Montana Governor Vetoes Anti-Sanctuary Bill
By Shari Rendall | May 9, 2019
After months of hard work by the Montana legislature crafting a bill to outlaw dangerous sanctuary policies in Big Sky Country, Governor Steve Bullock (D) vetoed House Bill (HB) 146 on May 7. Prospects for an override look slim and Montanans have good reason to speculate on whether this really has more to do with Bullock’s national ambitions than with adopting good policy for their state.
HB 146 would have:
- Defined and banned sanctuary policies by local governments as well as by state agencies like public universities;
- Required honoring immigration detainers issued by Immigration and Customs Enforcement (ICE);
- Authorized the attorney general to sue for non-compliance; and Imposed fines and cut off certain state grant funds as penalties.
The bill’s sponsor, Representative Kenneth Holmlund (R-Miles City), introduced it on January 9. Anticipating the opposition it would invariably draw from open-borders groups, he said, “[y]ou will hear this is a hate bill … There is not any hate in it.

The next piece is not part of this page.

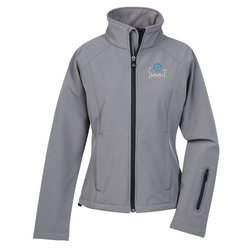 Custom Summit Soft Shell Jacket - Ladies'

It is intended to be the opposite. It is to protect Montana citizens.”
In his veto message, Gov. Bullock parroted talking points common to the opposition to most anti-sanctuary laws: that it would somehow be a violation of civil rights, that it interferes with local decision-making, and as in many states, that there are supposedly no sanctuary cities in Montana so it’s a “solution searching for a problem.” But the only federal appellate court ever to consider it upheld the constitutionality of anti-sanctuary legislation (in Texas), and at least two jurisdictions in Montana, Helena and Butte-Silver Bow, have some sanctuary policies.
Around the same time, Bullock started confirming all the rumors that he’d shortly be entering the already crowded race for the Democratic presidential nomination.
The Montana Constitution requires a 2/3 vote of both chambers to override a veto by the governor. That would require some Democrats to join with all the Republicans, which is highly unlikely.